__Goal of the exercise__
In your copy, reproduce each entry exactly and leave out the pictures.

• • • • •

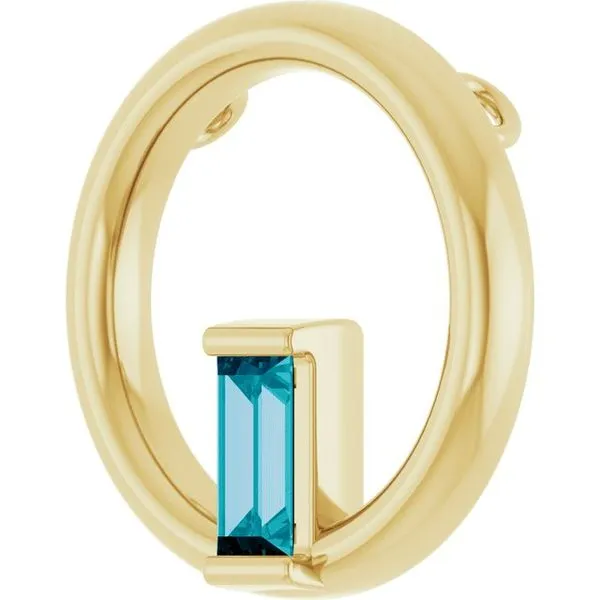 Straight Baguette Circle Pendant Image 2 Cherry Street Jewelers Tulsa, OK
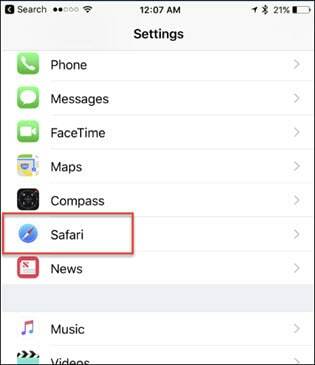 ios-clear-cache-safari-settings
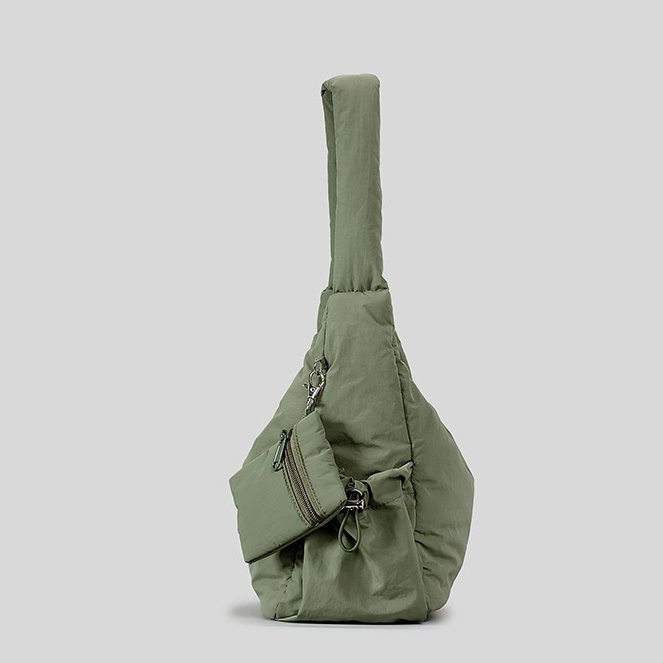 2024 Puff Handbag Woman Quilted Puffy Tote Shoulder Bag Soft Nylon Puffer Padded Shoulder Tote Bag Carryall Puffy Purse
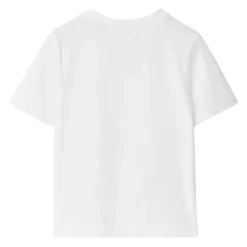 T-shirt bianca con stampa frontale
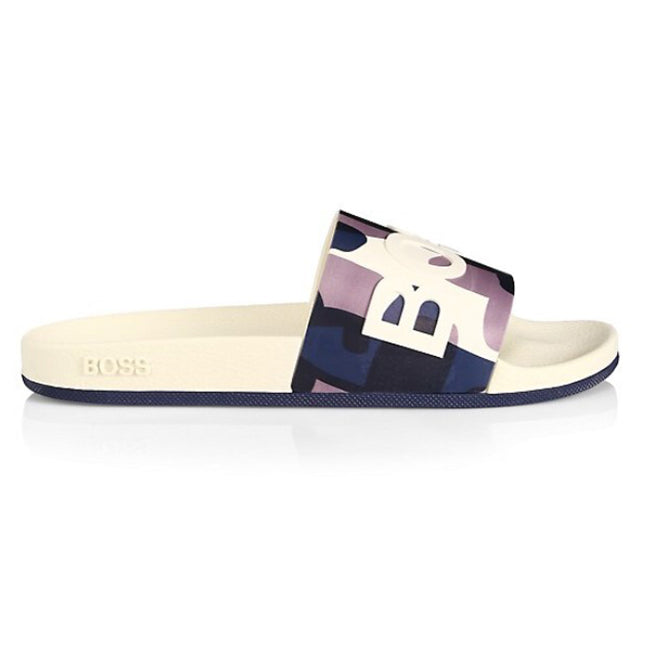 BOSS Men's Slides in Open Beige  50461866-284
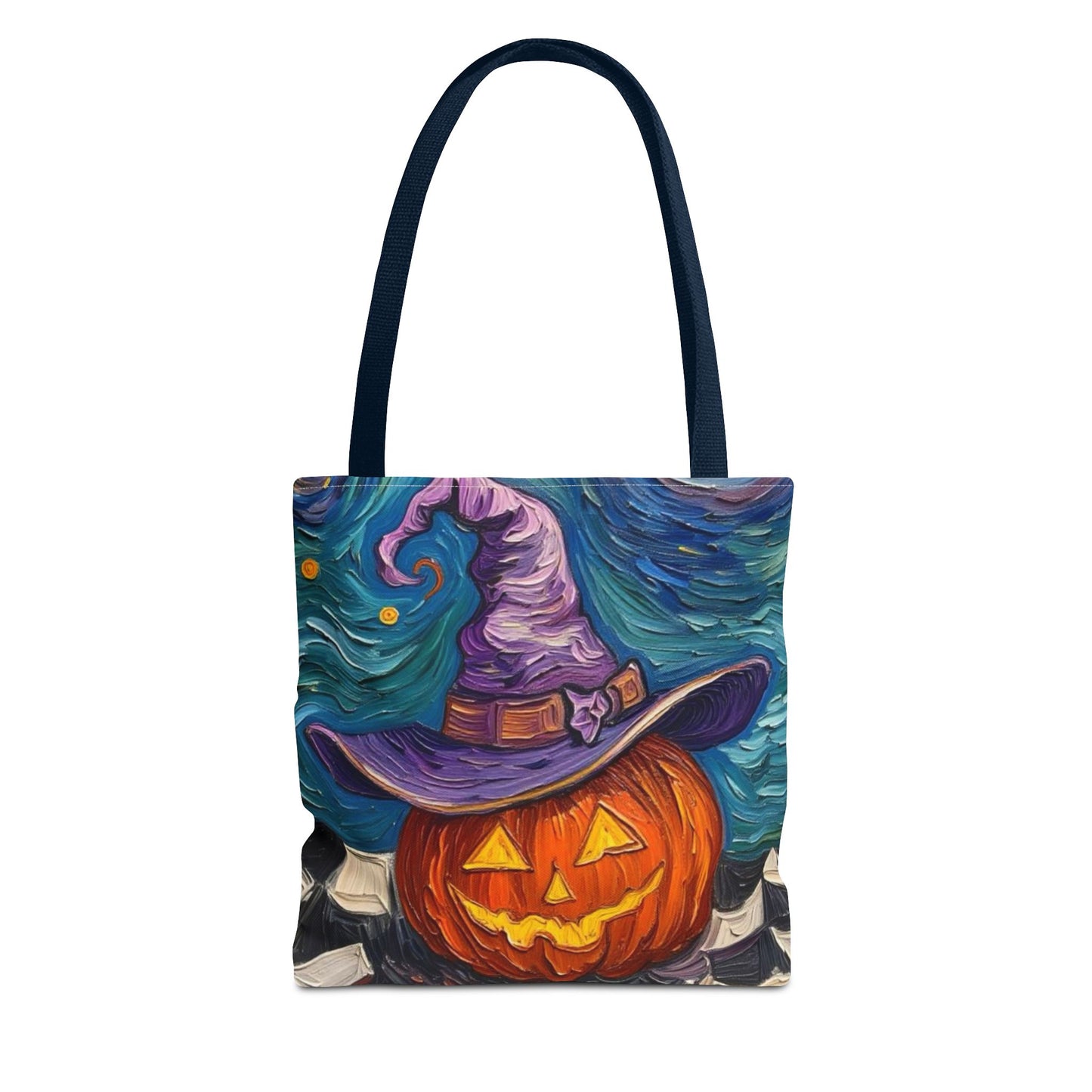 Halloween Tote Bag | Pumpkin After Midnight – Colorful Jack-O'-Lantern artistic design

• • • • •

__Your solution__
 Straight Baguette Circle Pendant Image 2 Cherry Street Jewelers Tulsa, OK
 ios-clear-cache-safari-settings
 2024 Puff Handbag Woman Quilted Puffy Tote Shoulder Bag Soft Nylon Puffer Padded Shoulder Tote Bag Carryall Puffy Purse
 T-shirt bianca con stampa frontale
 BOSS Men's Slides in Open Beige  50461866-284
 Halloween Tote Bag | Pumpkin After Midnight – Colorful Jack-O'-Lantern artistic design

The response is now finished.